Il porto di Lavagna, fallito già diverse volte
PORTI DA CAMBIARE
Secondo Perocchio i porti stanno ora facendo la loro parte nel trasmettere le informazioni sulle nuove disposizioni fiscali. «Ma la comunicazione è diretta soprattutto all’estero. Proviamo a recuperare soprattutto i turisti francesi, tedeschi e russi. Siamo infatti rassegnati al fatto che l’utenza italiana avrà bisogno di almeno due anni per riprendersi». Recuperare i turisti non sarà semplice, spiega Anton Francesco Albertoni, presidente di Ucina, perché nel frattempo i porti dei Paesi vicini hanno siglato contratti pluriennali.
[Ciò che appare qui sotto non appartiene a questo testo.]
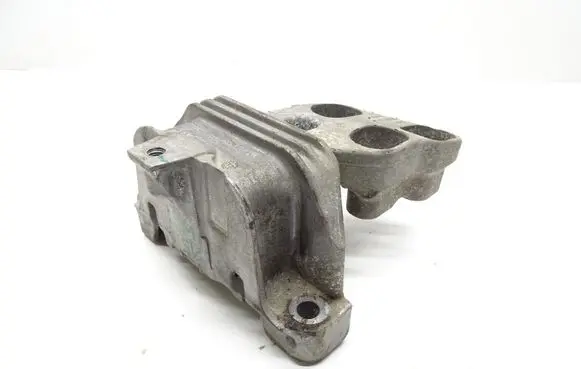 Mercedes-Benz A W176 Engine mounting bracket 26008326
Le nostre marine dovranno anche darsi una mossa per quanto riguarda i prezzi. «Se i porti sono carissimi e i servizi sono modesti, la gente non viene – attacca Roberto Franzoni -. Faccio solo un esempio: in Corsica una barca di 15 metri in agosto paga 80 euro al giorno, alla Capraia 150 euro. Perché devo pagare il doppio se in un porto francese mi accolgono le hostess sorridenti e quelli italiani sono scalcagnati?». Una lettura che però è completamente rigettata da Perocchio: «i prezzi si sono già abbassati, tutti hanno attuato incentivi: hanno intensificato le promozioni, hanno creato eventi e servizi complementari all inclusive. Abbiamo operato una verifica delle tariffe delle strutture adriatiche e di quelle croate: per la prima volta le tariffe croate hanno superato quelle italiane, pur essendo il costo del lavoro la metà. Quanto alla differenza tra Sardegna e Corsica, si tratta di porti non paragonabili: in Corsica sono ex porti pescherecci o statali dimessi, in Sardegna sono strutture di primissimo livello».
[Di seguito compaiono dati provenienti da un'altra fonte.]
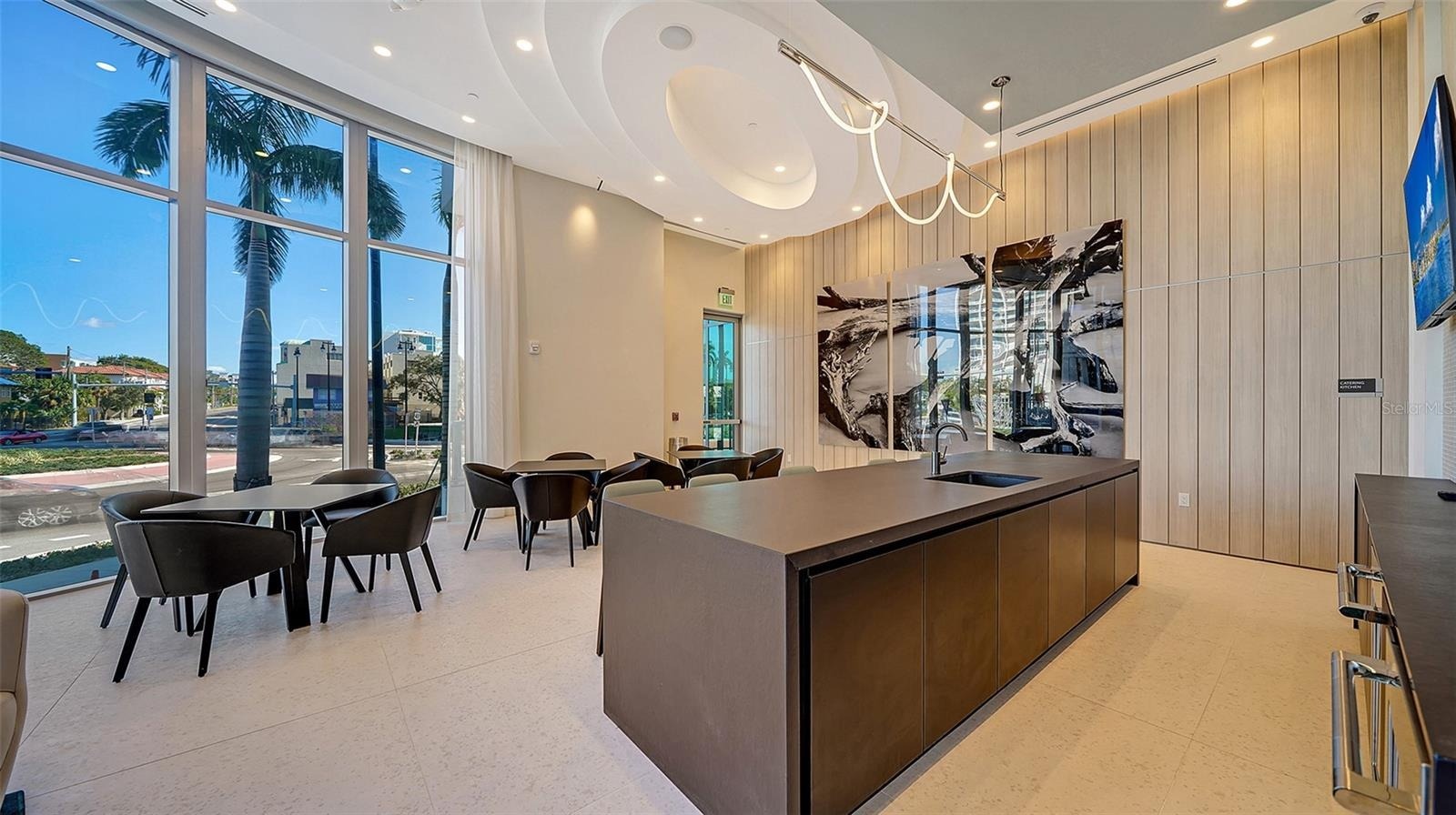 301 Quay Cmns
Sicuramente sono strutture in crisi: il porto di Sanremo è già fallito quattro volte, quello di Lavagna cinque, spiega Franzoni. Non è una questione di incapacità pubblica, perché in genere sono privati o gestiti in concessione da privati. Casomai il problema è di mancanza di infrastrutture. «Sia a Lavagna che a Sanremo è da 20 anni che non si riesce a fare un retroterra – aggiunge il giornalista -. Significa poter completare il porto con negozi, ristoranti, parcheggi, cioè portare i soldi sul territorio».
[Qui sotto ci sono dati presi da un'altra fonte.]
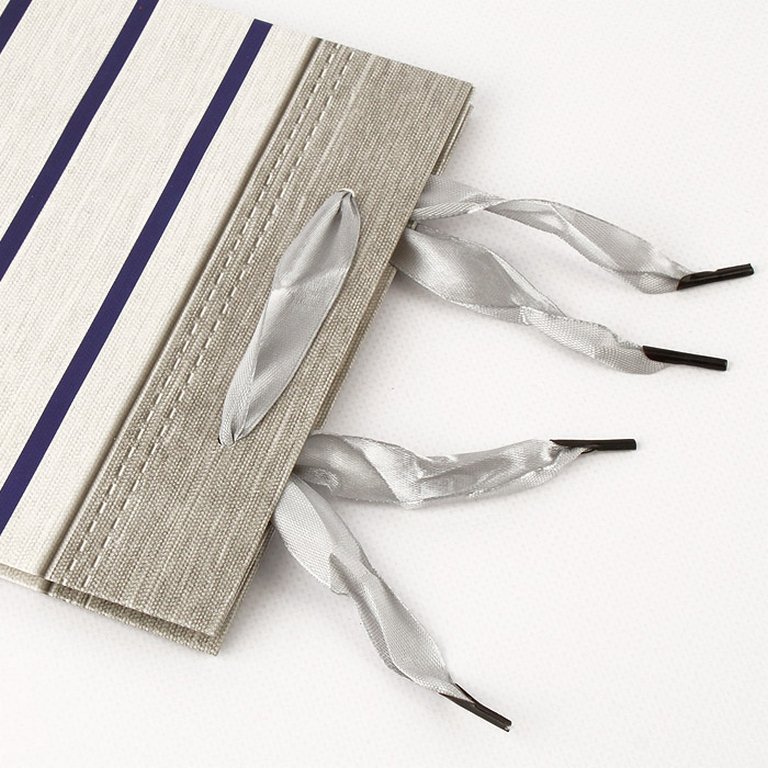 Пакет бумажный 18*23см ламинированный "Фактурный "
Uno sviluppo che però c’è stato in termini di offerta numerica. «Le associazioni di categoria avevano ottenuto – dice ancora Perocchi – di poter ricorrere allo strumento della Conferenza dei Servizi per la costruzione di nuovi posti barca. Negli ultimi cinque anni ne sono stati creati 15mila in più e altri 20mila sono in costruzione. Ci sono poi nuovi porti turistici, a Pisa e Manfredonia». Sono semivuoti, «e questo ci ha lasciato spiazzati».
Poi ci sono i porti fatti male. Non usa mezzi termini Vitelli: «Gente come [Francesco Bellavista] Caltagirone ha sbagliato tutto, sui fronti della destinazione di aree a club, del commercio e degli aspetti funzionali. A Fiumicino c’è un’indagine della magistratura per una diga realizzata con materiale non adeguato; a Imperia ci sono dei problemi funzionali e il porto di Siracusa è troppo lontano dalla città. Sono tre disastri».
I cantieri della Carnevali Yachts
INDUSTRIA IN AFFANNO
Anche il fronte della produzione è in ginocchio. L’Italia è stato da sempre ai vertici per la produzione delle imbarcazioni, soprattutto quelle lussuose sopra i 24 metri. Ma il crollo è stato verticale. Rispetto al 2008, il fatturato del 2012 dell’intero comparto nautico è stato inferiore del 60 per cento. Considerando la sola cantieristica, il valore del fatturato 2012 è stimato tra 1,6 e 2 miliardi, per 150 aziende e 10.200 addetti diretti; nel 2008 era pari a 3,8 miliardi e gli addetti erano 20.400.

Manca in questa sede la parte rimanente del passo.